Experimental Design
Experiment 1 was a customer-account-level natural field experiment conducted among 427,199 early-arrears accounts at a large U.S. gas utility. Eligible accounts had recently fallen into arrears and had entered the utility’s collections process, but had not yet reached later-stage warning or disconnection steps. Accounts were allocated to one of five groups: business-as-usual control, basic email reminder, active-choice email reminder, autopay email reminder, or basic SMS reminder. The interventions were delivered on November 17, 2020. The experiment was designed to test whether one additional reminder increased repayment, whether reminder framing affected repayment, and whether SMS outperformed email. Outcomes were measured from administrative billing and customer-service records and included cumulative payments over the following four weeks, indicators for any payment and full repayment of the overdue balance, and secondary operational outcomes including customer-service contact and payment extensions.
Experiment 2 was a customer-account-level natural field experiment in the same broad early-arrears setting, with two nested randomized components. First, among 151,022 overdue accounts with balances above $25, the utility randomized whether the next regular bill included an additional reminder sentence at the top of the bill; this created a two-arm comparison between a standard bill and an amended bill. Second, among 95,051 accounts with both an email address and a mobile phone number on file, the utility randomized assignment to one of four reminder conditions delivered four days after bill issuance: no additional reminder, email reminder, SMS reminder, or automated outbound-dial reminder. The experiment was designed to test whether a very low-cost bill-language intervention accelerated repayment and whether reminder channel affected repayment in this setting. Administrative outcomes included cumulative payments over the subsequent four weeks, indicators for any payment and full payment, and secondary outcomes including customer-service calls, autopay registration, and payment extensions.
Experiment 3 was a customer-account-level natural field experiment conducted among 120,209 early-arrears accounts after the utility had already incorporated lessons from the earlier experiments into its standing reminder workflow. Accounts were allocated across five groups: the status-quo reminder sequence and four alternative reminder-content conditions. The four treatment conditions were: a more direct day-4 text, a day-4 text that added the exact amount owed, a day-4 text that added an autopay prompt, and a more direct day-8 email that left the day-4 text unchanged. The experiment was designed to test whether message simplification and more direct wording improved repayment within an already-active reminder sequence, and whether the placement and specific content of those changes mattered. Outcomes were measured from administrative records and included payments one, four, and ten weeks after the day-4 reminder, any payment within ten weeks, and secondary outcomes including later gas usage, autopay enrollment, payment extensions, and receipt of the day-8 reminder.
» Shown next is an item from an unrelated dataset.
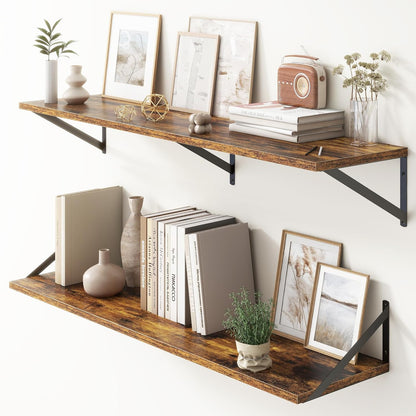 Floating Shelves 48 Inch Long, 10" Deep Floating Shelves, Wall Shelves 48 x 10, Set of 2, Wide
Experiment 4 was a customer-account-level natural field experiment conducted among 41,650 late-stage arrears households at a large U.S. gas utility. Eligible households had overdue balances of at least $400 and had reached the utility’s collect-or-close stage between May and July 2024. All households remained on the standard collect-or-close workflow, which already included a mailed disconnection-warning notice. Households were allocated to one of four groups: control, a text message requesting a minimum payment of $200, a text message requesting a minimum payment of $400, or a text message requesting payment of the full amount owed. The experiment was designed to test whether varying the requested minimum payment affected repayment behavior in a late-stage collections setting. Administrative outcomes included payments and any payment, as well as secondary outcomes including payment extensions and enrollment in California’s Arrearage Management Plan.